Indian security officials are changing tactics to tackle the possible use of magnetic bombs that can target military convoys, despite the revival of a ceasefire accord between India and Pakistan along the Line of Control (LoC).
Reuters quoted a Kashmir based senior police official as saying that security forces were changing protocols to deal with the new threat of “sticky” bombs, which have wreaked havoc in Afghanistan. The measures included increasing the distance between private and military traffic, installing more cameras on vehicles and using drones to monitor convoys.
Another official said that magnetic bombs were not produced in Kashmir, signalling that they were being smuggled from Pakistan.
“All of them have come via drone drops and tunnels,” he said, asking not to be named.
The heightened threat perception in Kashmir is emerging despite last week’s military accord between India and Pakistan to revive a dormant agreement of 2003 of not exchanging fire along the LoC, which has been used to infiltrate cross-border terrorists inside Kashmir.
Barely had the ink dried on the revival of the accord following a conversation and a joint statement to top military officials of the two countries to stop firing along the LoC, an Al Qaeda affiliated group was off the blocks to condemn the move, and reaffirm its commitment to Kashmiri Jihad sans Islamabad.
In fact, it accused Pakistan of “backstabbing” the cause of Kashmiri independence.
“Whether we like it or not, both Pakistan and Indian states have mutually degraded the resistance movement in Kashmir and Pakistan has been long trying to settle for the status quo, hence backstabbing the Kashmir’s cause of independence,” a statement by an individual called Khalid, Commander Khalid, Islamic Emirate of Kashmir Mujahideen Ghazwat Ul Hind read.
The Ansar Ghazwat-ul-Hind is an Islamic terrorist Jihadi organization and Al Qaeda cell that is active in Kashmir. It was formerly led by Zakir Rashid Bhat also called Zakir Musa, who saw himself as part of a global Jihad, which include Kashmir, given its international outlook, the group on 7 December 2017 the group released a statement that condemned US President Donald Trump’s declaration of moving the United States embassy in Israel from Tel Aviv to Jerusalem.

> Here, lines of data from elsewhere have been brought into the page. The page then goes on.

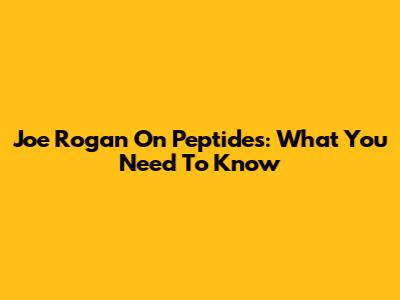 Joe Rogan On Peptides: What You Need To Know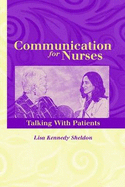 Communication for Nurses: Talking with Patients: .
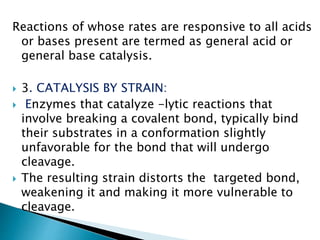 Reactions of whose rates are responsive to all acids
or bases present are termed as general acid or
general base catalysis.
 3. CATALYSIS BY STRAIN:
 Enzymes that catalyze -lytic reactions that
involve breaking a covalent bond, typically bind
their substrates in a conformation slightly
unfavorable for the bond that will undergo
cleavage.
 The resulting strain distorts the targeted bond,
weakening it and making it more vulnerable to
cleavage.
 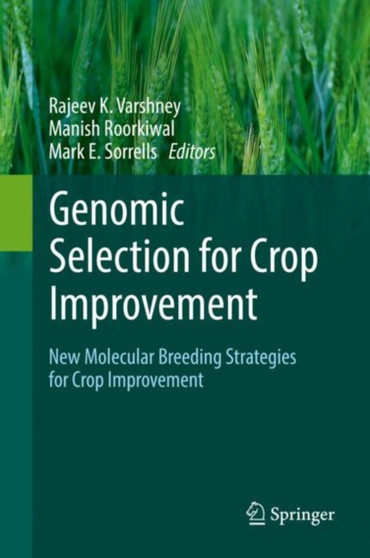 Genomic Selection for Crop Improvement : New Molecular Breeding Strategies for Crop Improvement by Rajeev K. Varshney - Hardback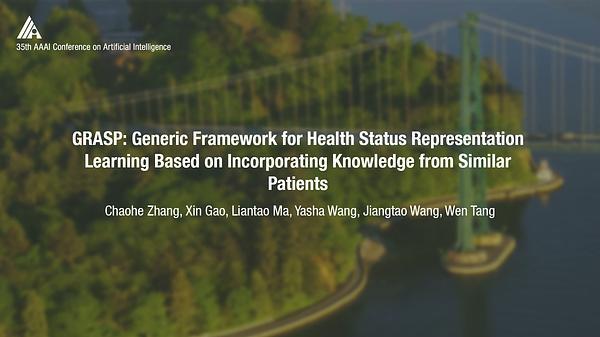 GRASP: Generic Framework for Health Status Representation Learning Based on Incorporating Knowledge from Similar Patients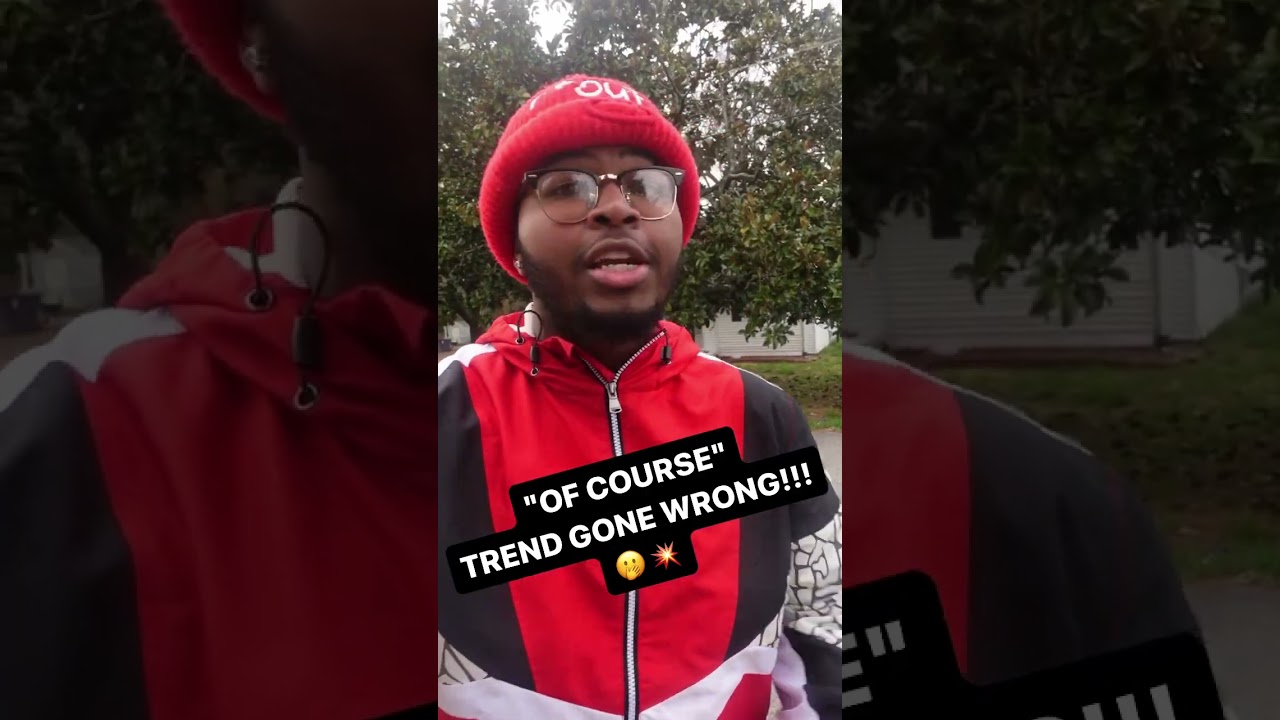 “OF COURSE” TREND GONE WRONG!!!!😳 #comedy #funny #trending #viral #jokes #shorts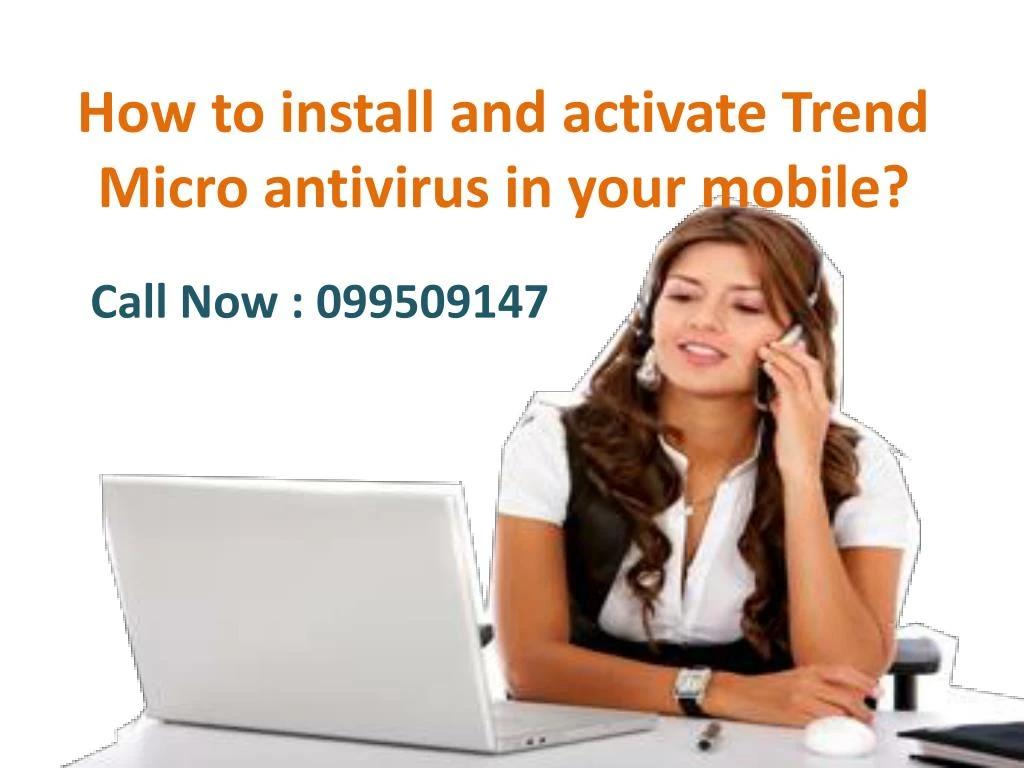 how to install and activate trend micro antivirus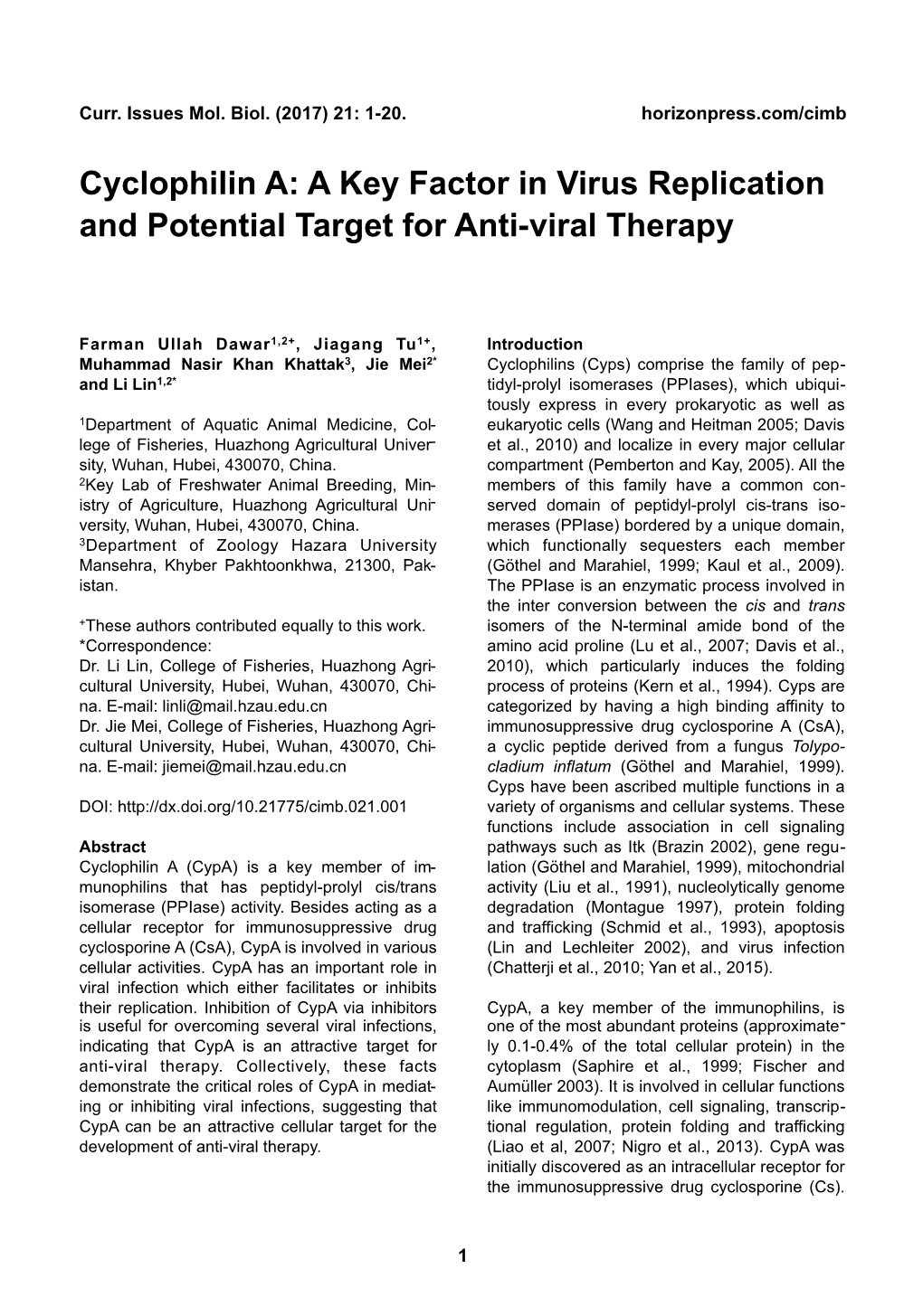 A Key Factor in Virus Replication and Potential Target for Anti-Viral Therapy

It the same month a video was released where a video of a Kashmiri militant declared allegiance to the Islamic State of Iraq and the Levant and declaring a new ISIL Province in Kashmir.
Zakir Musa is said to have joined the Sayeed Salahudin’s group Hizbul Mujahideen in 2013. He has been described as "part of a new generation of tech-savvy, well-educated militants" who became involved in the conflict after the 2010 Kashmir unrest, on the footsteps of Burhan Muzaffar Wani who was killed in 2016.
The statement said that since the tenure of former Pakistani President Pervez Musharraf, the gradual consolidation of man-made Line of Control has not only divided the people but also severely denting the armed movement inside Kashmir valley.
“The Pakistani/Afghanistan Muslim brothers have been unable to help their brothers inside the valley because of LOC. Therefore, we strongly condemn the recent meetings between the Indian and Pakistani army and castigate their resolve of ceasefire and unholy agreements.”
The group reaffirmed its “resolve of Jihad in Kashmir valley” and pointed out that “by the grace Allah no LoC, no agreements, no ceasefire will stop us from waging a war against occupying Indian army in Kashmir”.
The consternation of hard-line terror groups such as, Islamic Emirate of Kashmir Mujahideen Ghazwat Ul Hind is not hard to explain.
The deal is likely to provide a major boost to the peace and development in Kashmir, as cross-border infiltration of terror groups was usually conducted under the cover of artillery barrages along the LoC by Pakistan. An end to violence in Kashmir in a post Artcile-370 scenario, and the elimination of the threat of two-front war with Pakistan and China is further expected to have positive impact on the badly strained Indo-Pakistan ties.